Internationale Ferienkurse für Neue Musik Darmstadt
Auch jetzt gerade finden – zum 46. Mal – die Darmstädter Ferienkurse für Neue Musik statt. In deren Zentrum steht aus offensichtlichen Gründen John Cage. Seit 1946 (seit 1970 in zweijährlichem Rhythmus) treffen sich dort Komponisten, Studenten und ein interessiertes Publikum, um sich in Seminaren, Konzerten und Ausstellungen der der Zeit gemäßen Musik anzunehmen. In den 1950-er Jahren waren unter anderen Karlheinz Stockhausen, Luigi Nono, Pierre Boulez, Bruno Maderna, 1958 auch John Cage zu Gast. Zufällig, wie es heißt. 2012 lehrt die englische Komponistin Rebecca Saunders im Hessischen.
György Kurtág
In zahlreichen Gedenkstücken verneigt sich der führende ungarische Komponist vor Kollegen wie Johann Sebastian Bach, Robert Schumann und Niccolò Paganini. Die „Stockenden Worte“ der Hommage à John Cage – Faltering Words (1987; revidiert 1991) sind in ihrer Originalfassung dem Violoncello zugedacht, können aber auch solistisch auf der Bratsche gegeben werden. Bereits 1959 war in Düsseldorf der Koreaner Nam June Paik mit seiner Hommage à John Cage hervorgetreten, einer „Musik für Tonbänder und Klavier“. Im Jahr zuvor war Paik Cage bei den Ferienkursen für Neue Musik begegnet.
Nach-, Nacht-, Nacktsätze
john cage: some rules for students and teachers
RULE ONE: Find a place you trust, and then try trusting it for awhile.

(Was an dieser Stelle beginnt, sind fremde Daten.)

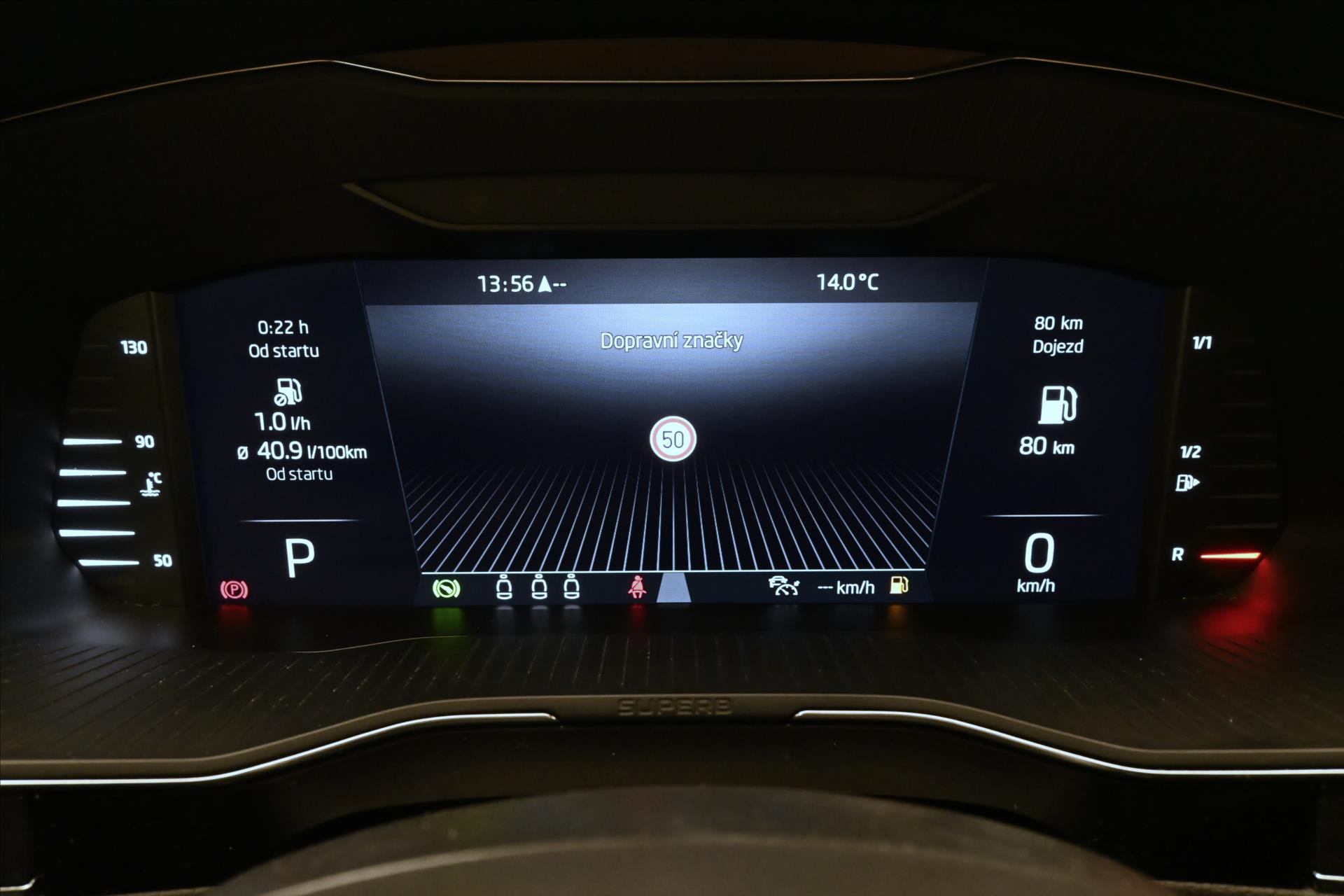 Hlavní fotografie vozu Škoda Superb 2,0 TDI 110 kW DSG Záruka až 5 let (16)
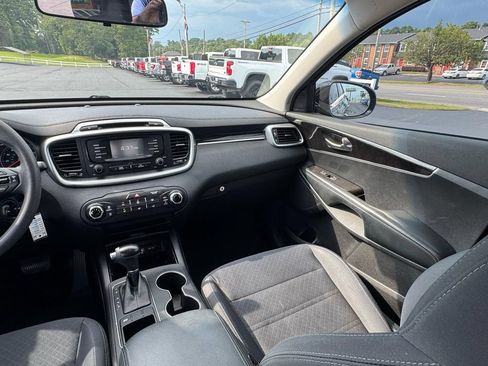 Used 2018 Kia Sorento L FWD image 18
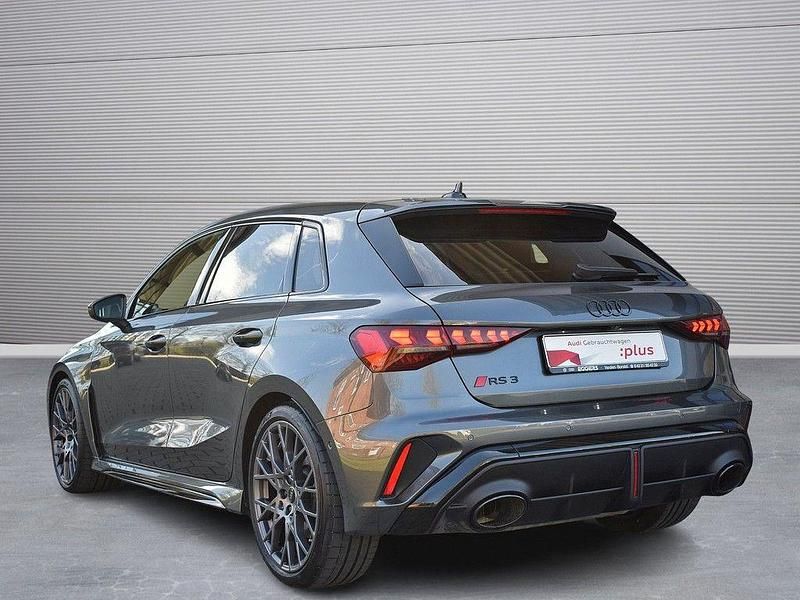 Gebraucht Audi RS3 Sport 400 PS (294 kW) 2025 Grau Limousine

RULE TWO: General duties of a student – pull everything out of your teacher; pull everything out of your fellow students.
RULE THREE: General duties of a teacher – pull everything out of your students.
RULE FOUR: Consider everything an experiment.
RULE FIVE: be self-disciplined – this means finding someone wise or smart and choosing to follow them. To be disciplined is to follow in a good way. To be self-disciplined is to follow in a better way.
RULE SIX: Nothing is a mistake. There’s no win and no fail, there’s only make.
RULE SEVEN: The only rule is work. If you work it will lead to something. It’s the people who do all of the work all of the time who eventually catch on to things.
RULE EIGHT: Don’t try to create and analyze at the same time. They’re different processes.
RULE NINE: Be happy whenever you can manage it. Enjoy yourself. It’s lighter than you think.
RULE TEN: “We’re breaking all the rules. Even our own rules. And how do we do that? By leaving plenty of room for X quantities.” (John Cage)
HINTS: Always be around. Come or go to everything. Always go to classes. Read anything you can get your hands on. Look at movies carefully, often. Save everything – it might come in handy later.